- Bangladesh’s first-ever red list of plant species shows the country has lost seven species in the last century and now risks losing at least another five.
- Researchers involved in the assessments of the conservation status of 1,000 species cited climate change, pollution, deforestation, and poor management of protected areas as major drivers behind the ecological damage.
- The Bangladesh Forest Department is working to protect native plant species through large-scale planting efforts across the country.
DHAKA — Bangladesh has over the last century lost seven plant species that once occurred in the country, and now risks losing at least another five, according to the first-ever comprehensive assessment of the country’s plant life.
The new national red list identifies the species that have been extirpated as fita champa (Magnolia griffithii), ironweed tree (Memecylon ovatum), jiringa (Archidendron jiringa), kathphal (Myrica nagi), thurma jam (Syzygium thumri), Syzygium venustum and Drypetes venusta. While these are now considered extinct in Bangladesh, they still occur in other countries in the region.

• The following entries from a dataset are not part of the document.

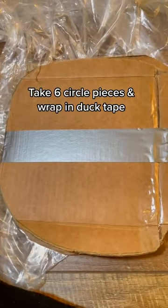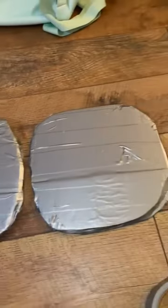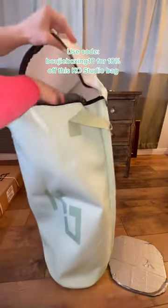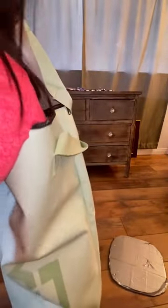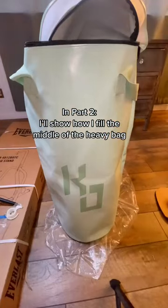Once you're done cutting out the circles, take six pieces and wrap them together in duct tape — it doesn't have to be perfect, and you'll see why. Take the other three pieces and wrap those in duct tape as well. Using the six-piece set, place it at the bottom of the heavy bag to ensure it keeps its shape and integrity and lasts a very long time. The three-piece set will go on the top.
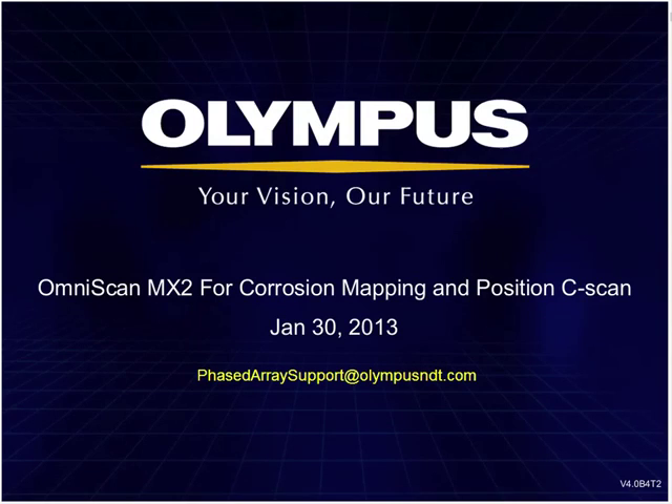Welcome, everyone. I'm Greg Ristabin from Olympus NBT. I'd like to welcome everyone to this webinar entitled OmniScan MX2 for corrosion mapping and position C-scan. This webinar will give the participant demonstrations and explanations of a 1D linear array probe optimized for corrosion mapping and similar applications using the position C-scan on the OmniScan MX2. Our presenter today is Chris McGruder.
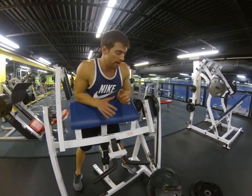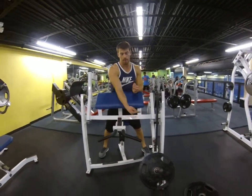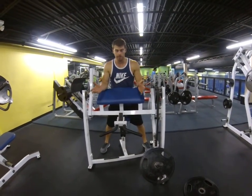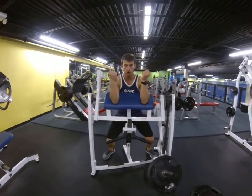This is a machine bicep curl. Set your weight accordingly — if you have a pin weight, go ahead and set that. Set your seat so you're sitting comfortably. Elbows sitting flush in a natural position.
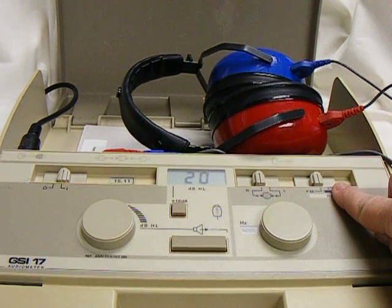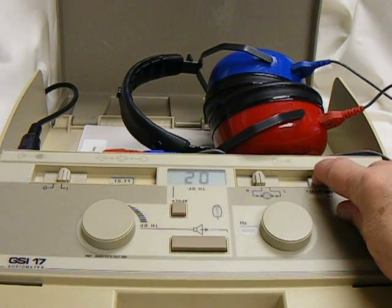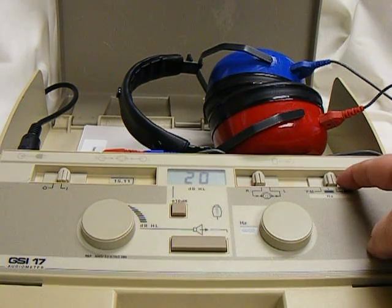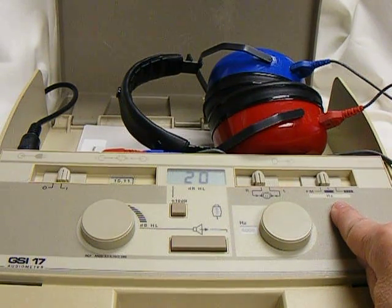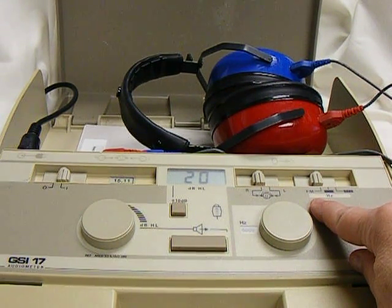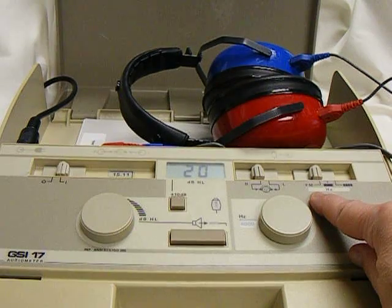This slider has three settings for your tones. The far right-hand setting is a pulse tone. The center setting is a pure tone, and the FM setting is a warble tone. The warble tone is easier to hear when there's background noise and that's our recommended setting.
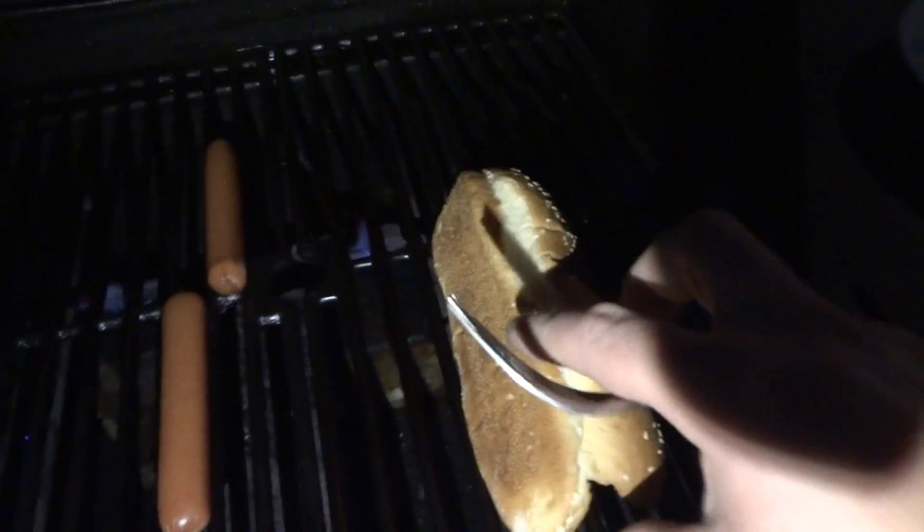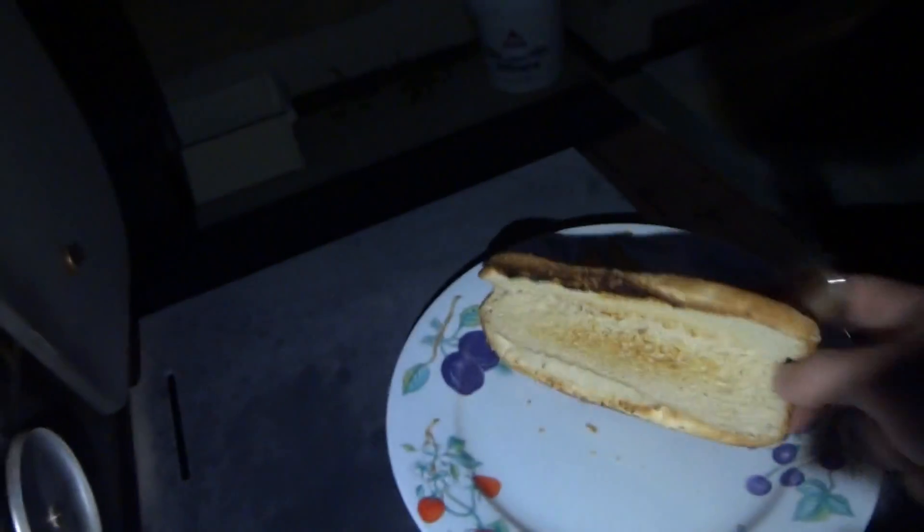I'm gonna show you guys how to deal with loud neighbors. You can see these things are pretty big. Now look at the barbecue — we're running out of man meat here. A little burned on that one.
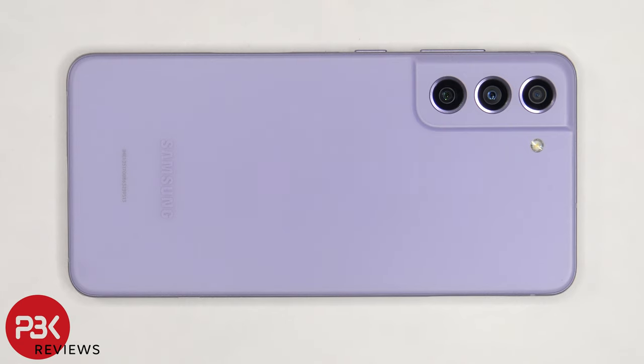This is the Samsung Galaxy S21 FE disassembly. If you want to see more videos like this, make sure you subscribe and follow me on Twitter so you'll be notified when I upload a new video. And if you need any tools, there are links in the description.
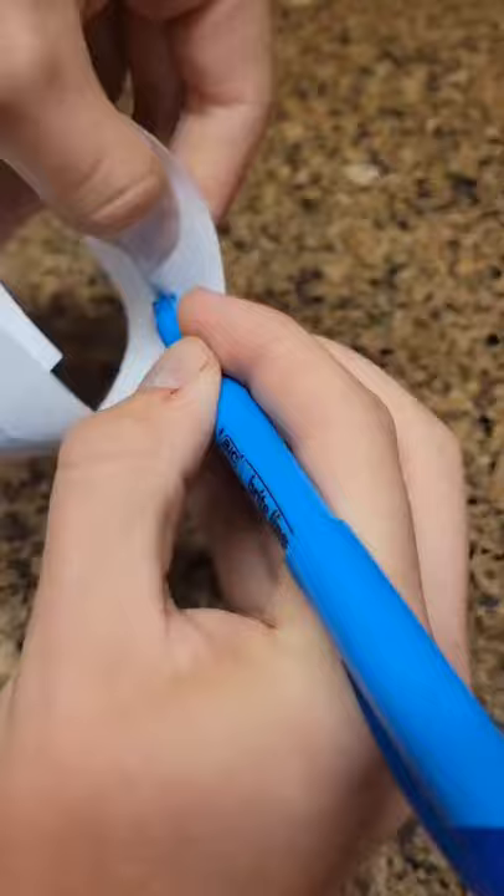This is called a Möbius strip and if you're on a tight budget and want to make it at home, just get a strip of boring old two sided paper and give it a half rotation. See, now the blue side and the red side are on the same surface.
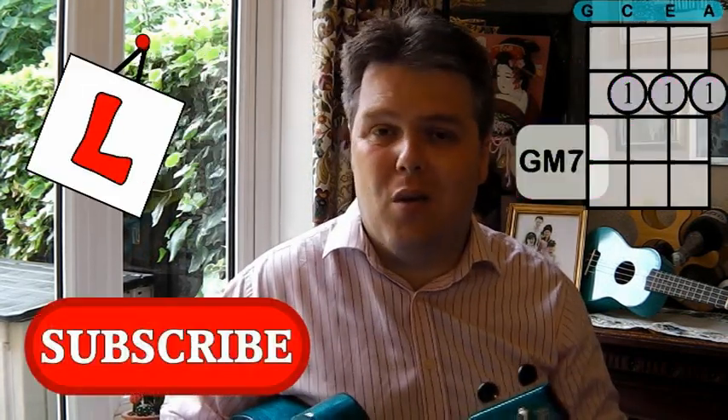Hello, this is your weekly chord tutorial with Mr B. Use this to help you learn the chords you will need to play the songs on my channel. Don't forget to subscribe.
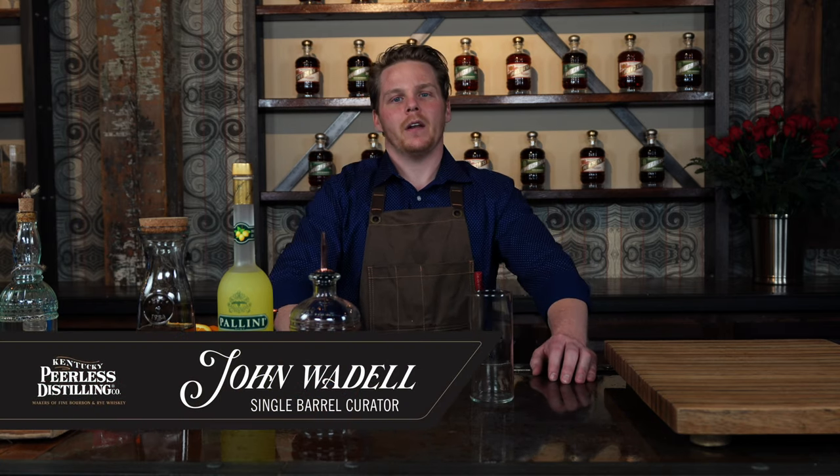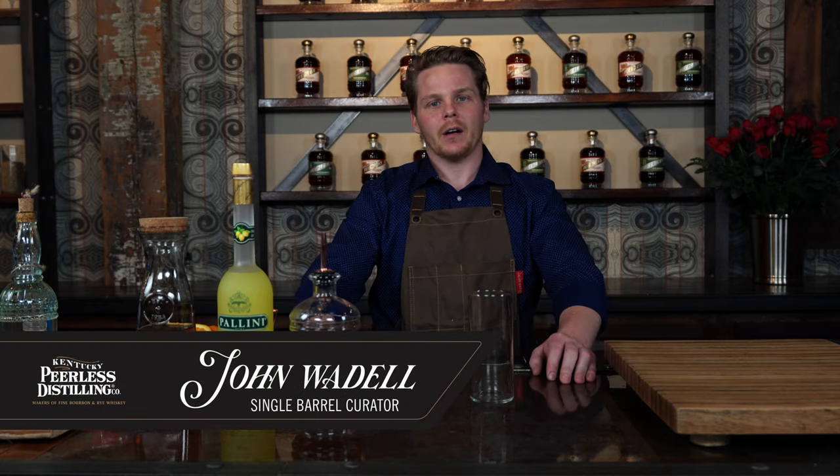Hello everyone, my name is John Wedel. I'm the single barrel curator here at Kentucky Peerless Distilling Company. And we're going to be making a Peerless Bourbon Tea.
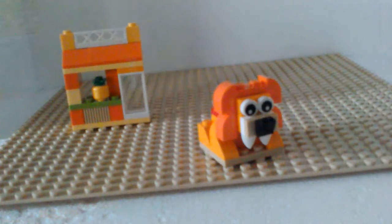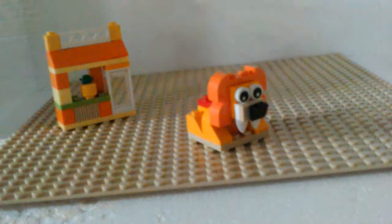Okay, here's the next build. It is a lion, and it's just lion around. Okay, that's enough jokes. So here's a lion, it has a tail. It's a simple little lion build. Let's get on to the next one.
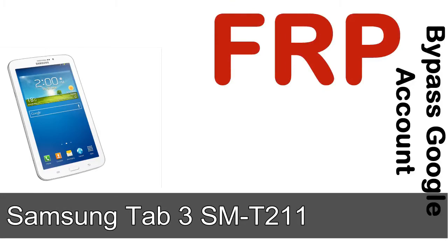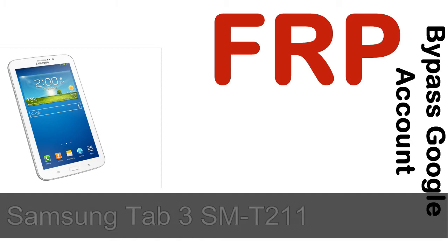Hi guys, Daniel here, welcome to SiddhaDak YouTube channel. Take a look at this complete video. I'll talk to you about how to unlock a Samsung device FRP lock protection.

The list also categorizes five species of plants as being critically endangered, meaning that they risk disappearing unless urgent measures are taken to save them. They are bans pata (Podocarpus neriifolius), bulborox orchid (Bulbophyllum roxburghii), chaulmoogra (Hydnocarpus kurzii), khudi khejur or stemless date palm (Phoenix acaulis) and lamba trias orchid (Bulbophyllum oblongum).
In addition, out of 1,000 assessed flora species, 127 are considered endangered, 262 are vulnerable, 69 are near-threatened, 271 are considered of least concern, and for the remaining 258 species there’s insufficient data to assess their conservation status.
Saleh Ahammad Khan, a professor of botany at Jahangirnagar University in Dhaka and one of the assessors of the red list, cited several factors behind the disappearance of the plants from the country’s ecology. These include changing climatic patterns, excessive and random consumption by humans, and inadequate protection measures.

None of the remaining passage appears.